2000 Results, Dragon2 System, Manual Boundaries, Interpolated. • Suffer a performance loss on English Detection by including Mandarin documents. • Performance on Newswire and BN seems comparable. • Reporting results on subsets doesn’t make much sense for Detection, especially language specific subsets. (For Tracking without adaptation, this should not be an issue.)
23% 19% -10%!! 56% 21% -25% 2000 Evaluation Numbers • Performance is better on Mandarin with Automatic boundaries than Manual boundaries. I don’t actually believe that this should be the case! • About 20% reduction in performance due to using Automatic boundaries
Why so non-continuous? • One cluster can split into two clusters, or can lose half its documents. • Small change in the number of correct leads to a big change in the score. The de-emphasis in the evaluation measure on False Alarms means the smaller “purer” cluster is regarded as being 9 times worse then the other cluster.
YDZ Metric? • YDZ seems conceptually a reasonable way of measuring goodness of fit.
However... • In practice however, it seems to have two problems: • No minimum value. In fact, it appears to be linear across a wide range of number of clusters. Even for choices of CMiss where it is not linear, the metric is not particularly discriminatory. (Assuming of course, that our system is producing outputs that do in fact have some difference.) • Sign of linear coefficient of depends on size of CMiss. Same issue as with CDet - what is a realistic use of the technology, and how to measure performance on that task. • Or one can just not spend time tuning for an evaluation -- just concentrate on improving the algorithm and lower the whole graph.
Miss-False Alarms on a DET plot, with Level Curves of CDet • AMJ, English only, Manual Boundaries. • The number of generated clusters varies from 16 (at the far right) to 4640 (at the far left) with the level curve intersections corresponding to 633 and 2204 clusters.
Why so little change in CDet? • When sweeping over a wide range of thresholds, with the number of clusters changing by a factor of more than 10, why is there so little change in the value of Cdet? • Find it hard to believe that 200 clusters are as equally useful as 2600 clusters. • Is it our (Dragon’s) distance measure? Is this phenomenon just restricted to one site or is it across all sites? • Discontinuities lead to wondering whether reported score differences are actually significant?

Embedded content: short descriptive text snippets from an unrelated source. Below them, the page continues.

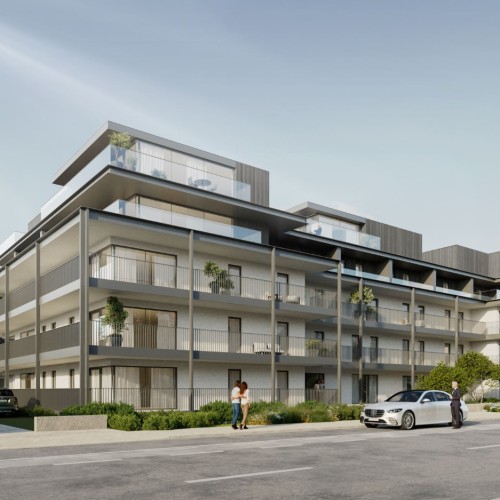 Construction neuve à vendre Nieuport - Caenen 4387102 - 3746001023000104499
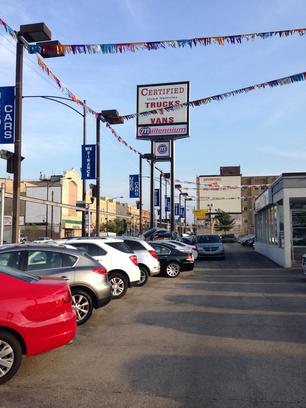 Millennium Autosales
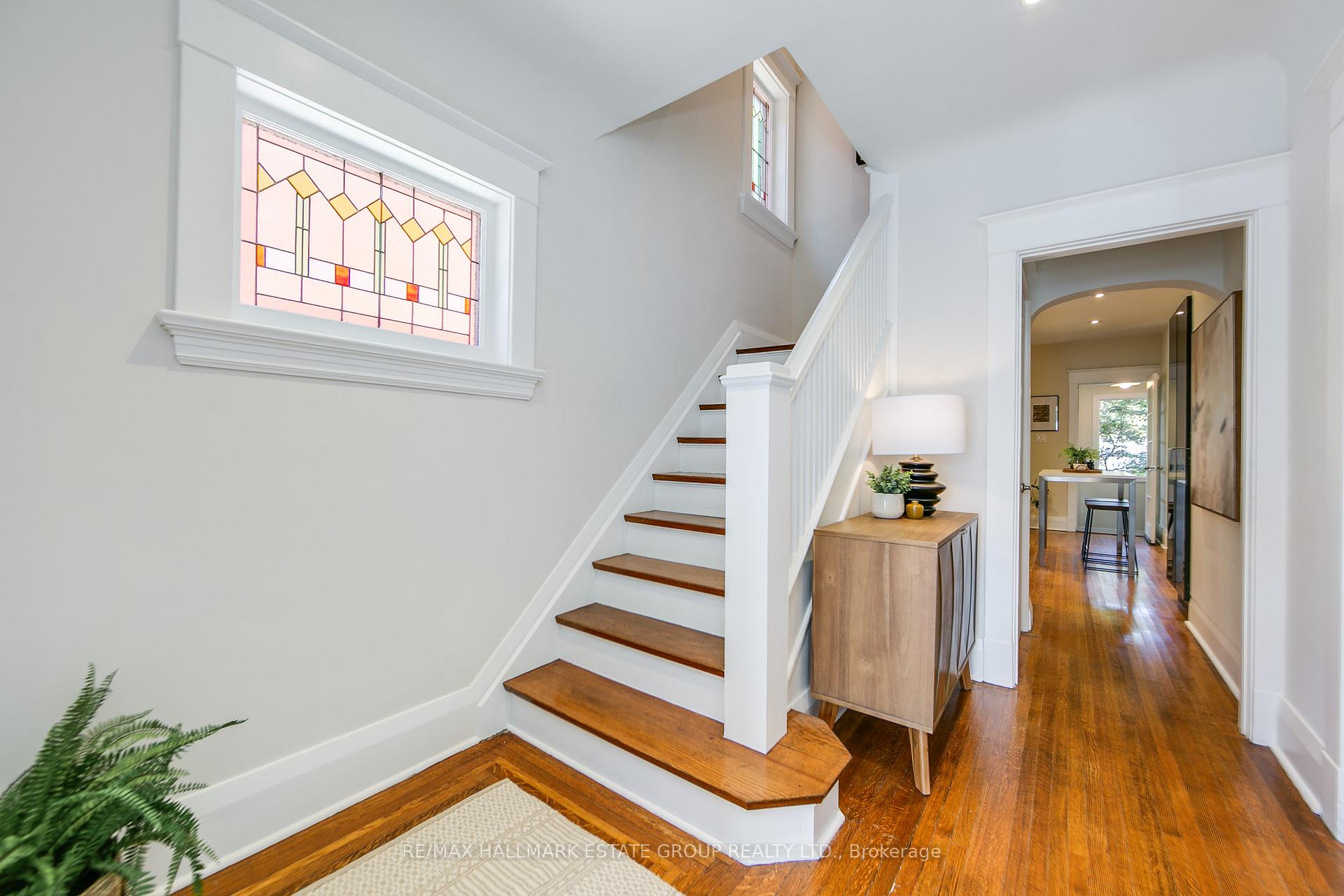 Photo 6 of 58 Chester Hill Road, Toronto, Playter Estates-Danforth — HOMEH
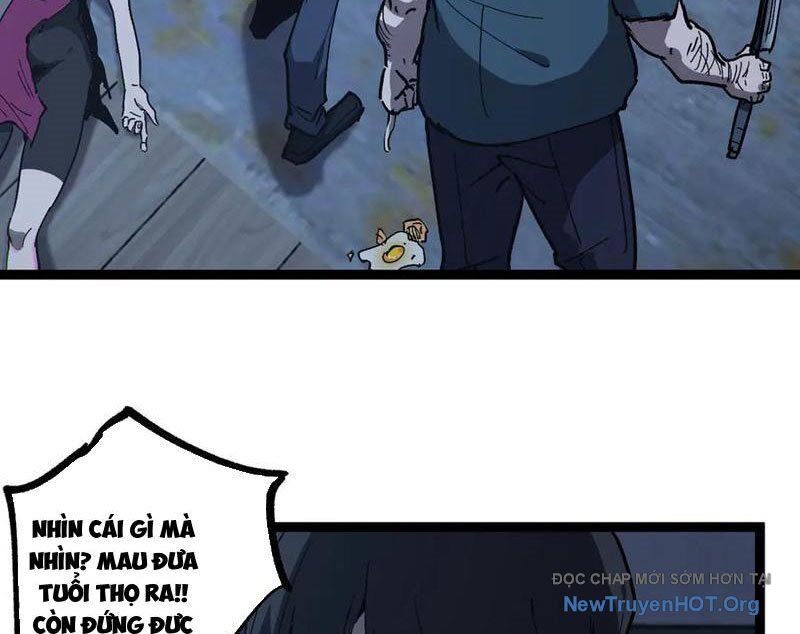 Thích Khách Thần Cấp, Ta Chính Là Bóng Đêm Chap 39 - Next Chap 40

Overall Conclusions • Interpolation is better than backoff as a smoothing method. • Mixing targeted data is one approach to bringing in outside information, and it helped to smooth out performance but not to improve it. • Stemming may also smooth out performance without providing any overall gain. • Questions about CDet metric still remain. • Breakout of scores by subset do not make much sense for Detection.